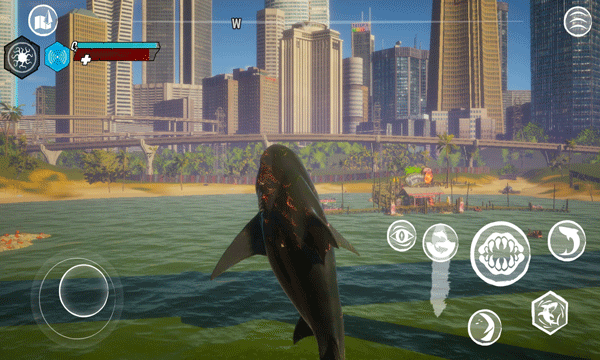 食人鲨手机版截图4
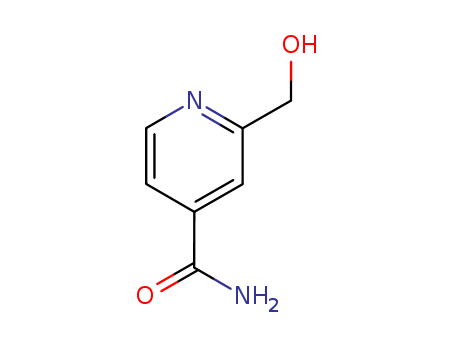 4-Pyridinecarboxamide,2-(hydroxymethyl)-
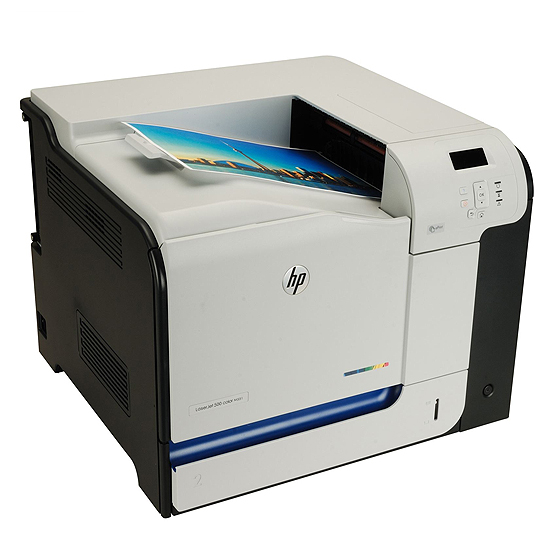 HP LJ Enterprise 500 color M551n PC&Mac 32/32ppm - 800Mhz - 1 Gb - 1200x1200dpi - Bac de 600F - USB & Eth - Remplace CP3525n -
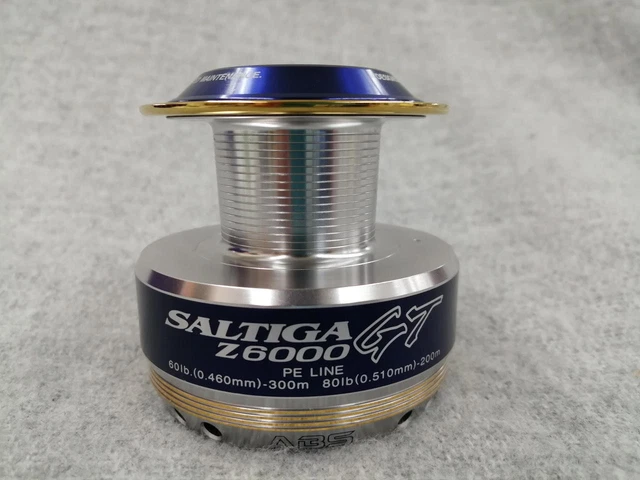DAIWA SALTIGA Z6000 GT 6. 2:1 hi speed 149083 $717.50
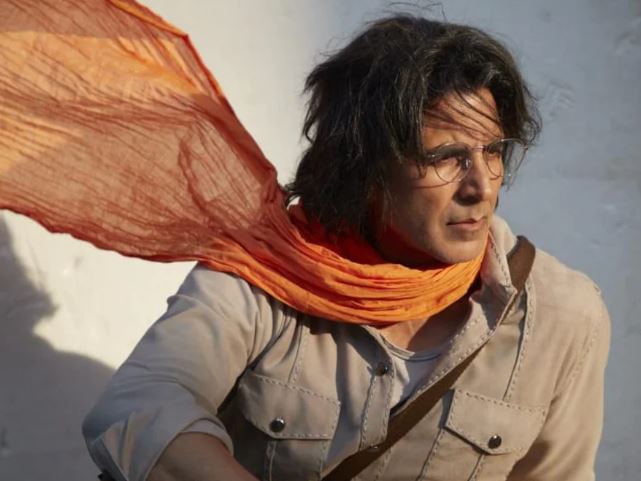 Bollywood star, Akshay Kumar played the lead role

· · · · · · ·

Exercise requirements: The records above should be duplicated exactly, with none of their pictures kept.

Solved exercise:
 食人鲨手机版截图4
 4-Pyridinecarboxamide,2-(hydroxymethyl)-
 HP LJ Enterprise 500 color M551n PC&Mac 32/32ppm - 800Mhz - 1 Gb - 1200x1200dpi - Bac de 600F - USB & Eth - Remplace CP3525n -
DAIWA SALTIGA Z6000 GT 6. 2:1 hi speed 149083 $717.50
 Bollywood star, Akshay Kumar played the lead role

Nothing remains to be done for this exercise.